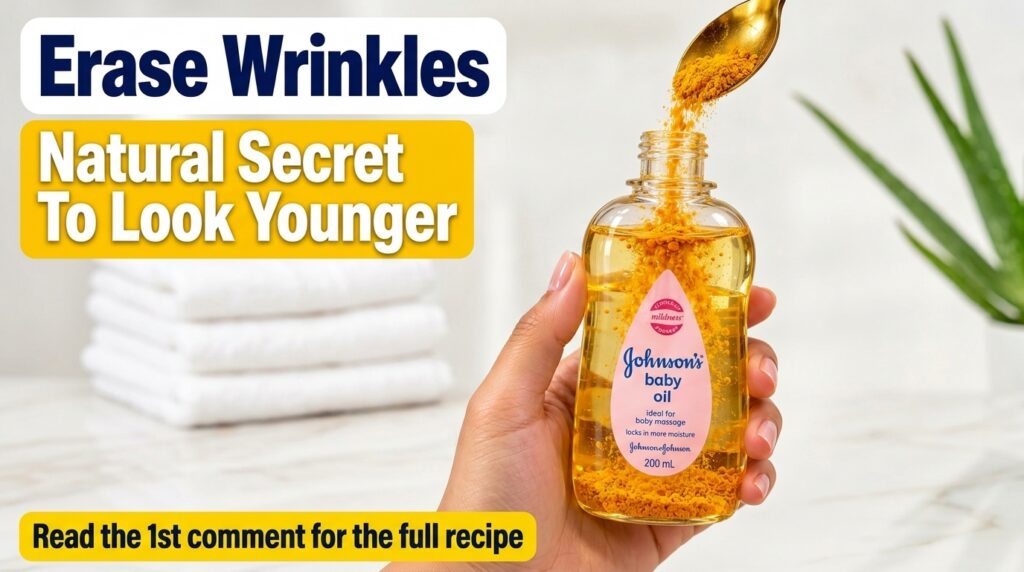 A hand holding a bottle of Johnson s baby oil with a golden spoon pouring yellow turmeric powder into it The oil already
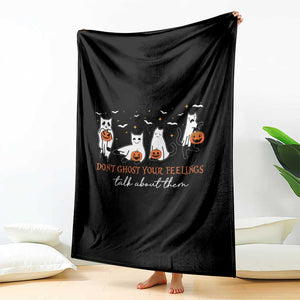 Halloween School Counselor Throw Blanket Don't Ghost Your Feelings Talk About Them Ghost Cats TS11 Print Your Wear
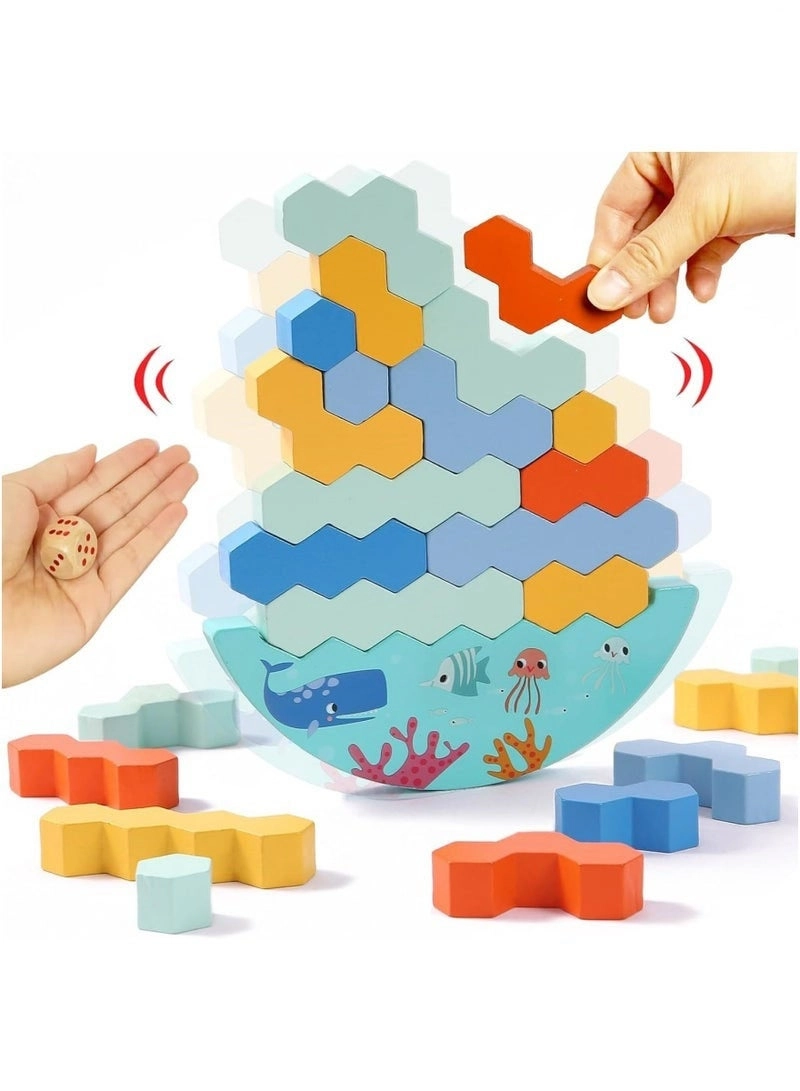 DURKU Tower Balance Game - Wooden Blocks Wobbling Chassis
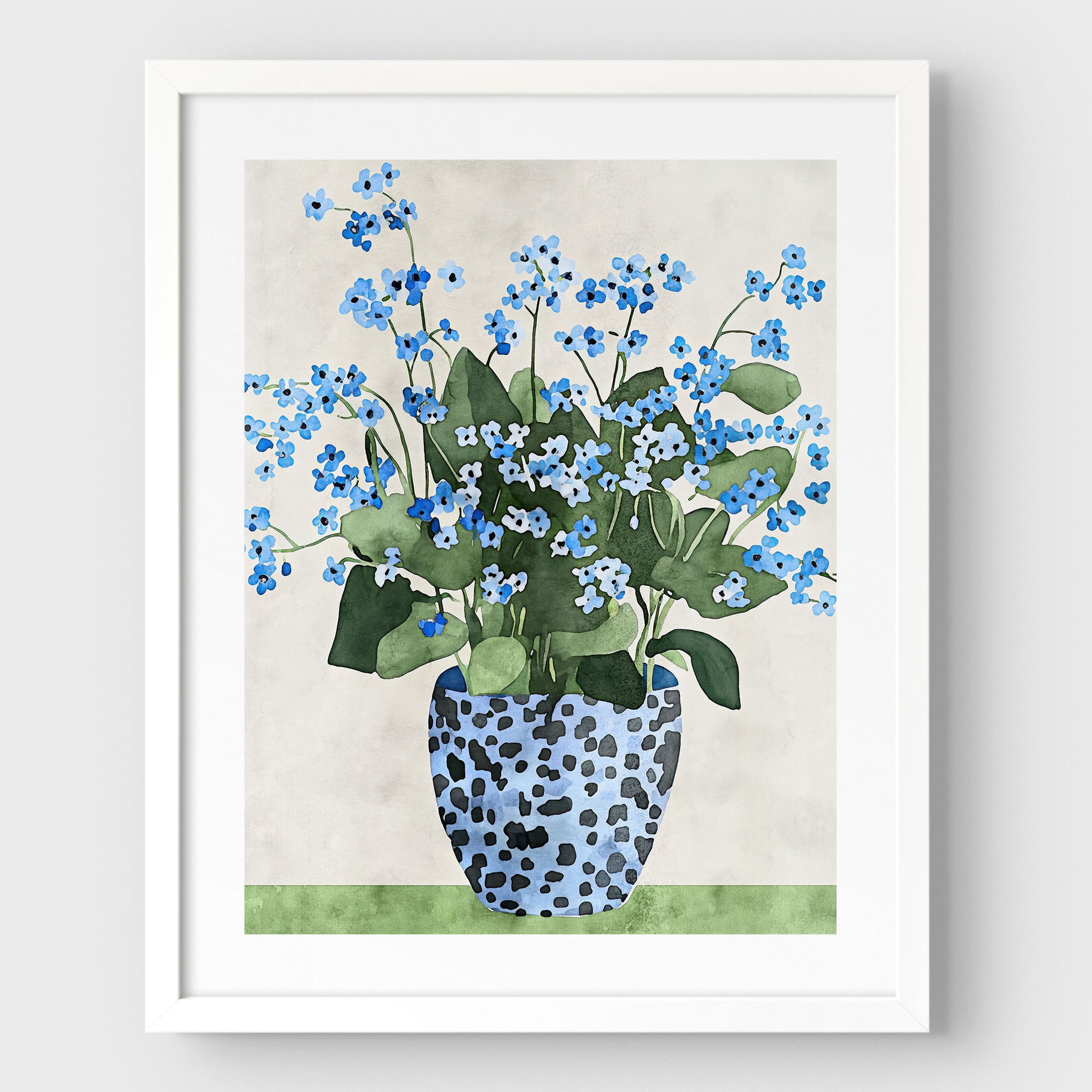 Artwork with a white frame and white border, featuring a watercolor-style depiction of blue forget-me-not flowers in a patterned blue vase, set against a soft neutral background and a green surface.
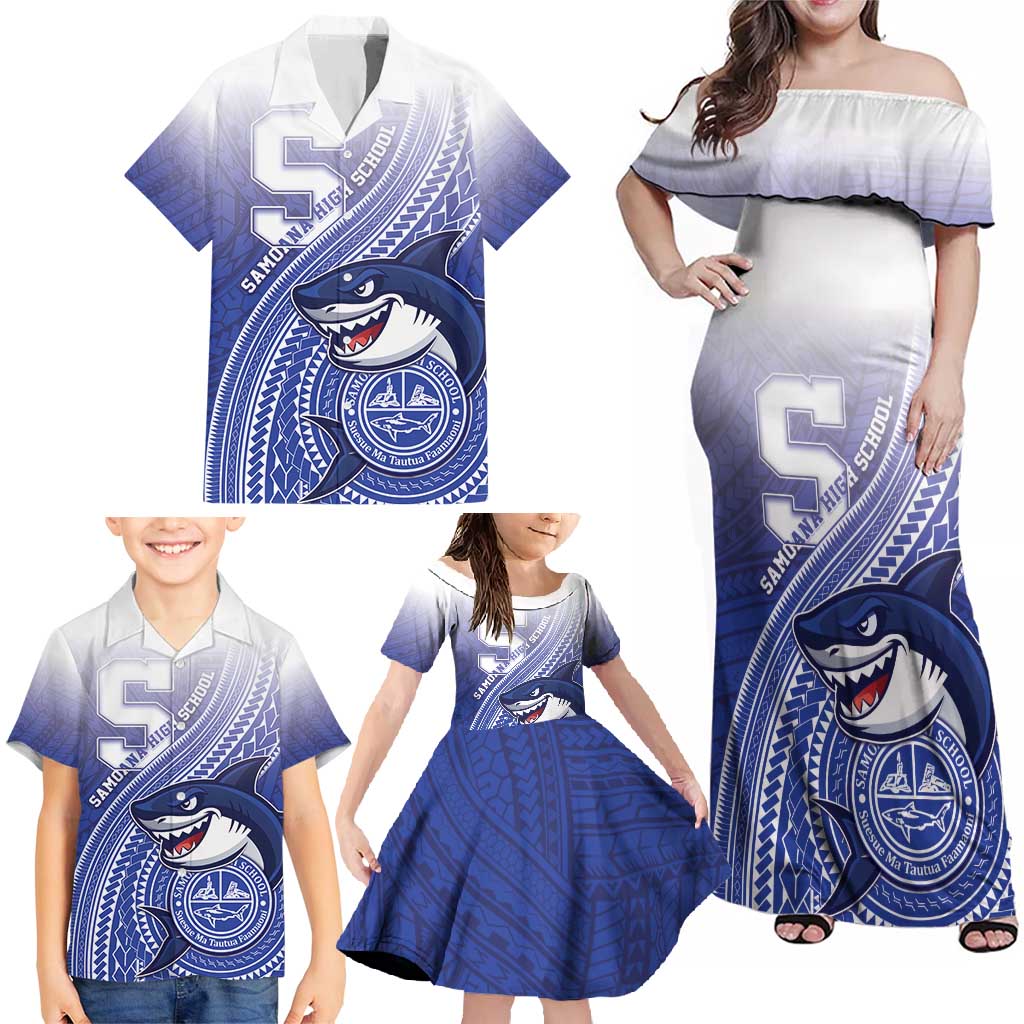 Personalized Samoana High School Family Matching Off Shoulder Maxi Dress and Hawaiian Shirt Polynesian Tribal Shark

----------

**Work task**
Output the data above exactly; pictures do not belong in the copy.

**Task answer**
 A hand holding a bottle of Johnson s baby oil with a golden spoon pouring yellow turmeric powder into it The oil already
 Halloween School Counselor Throw Blanket Don't Ghost Your Feelings Talk About Them Ghost Cats TS11 Print Your Wear
 DURKU Tower Balance Game - Wooden Blocks Wobbling Chassis
 Artwork with a white frame and white border, featuring a watercolor-style depiction of blue forget-me-not flowers in a patterned blue vase, set against a soft neutral background and a green surface.
 Personalized Samoana High School Family Matching Off Shoulder Maxi Dress and Hawaiian Shirt Polynesian Tribal Shark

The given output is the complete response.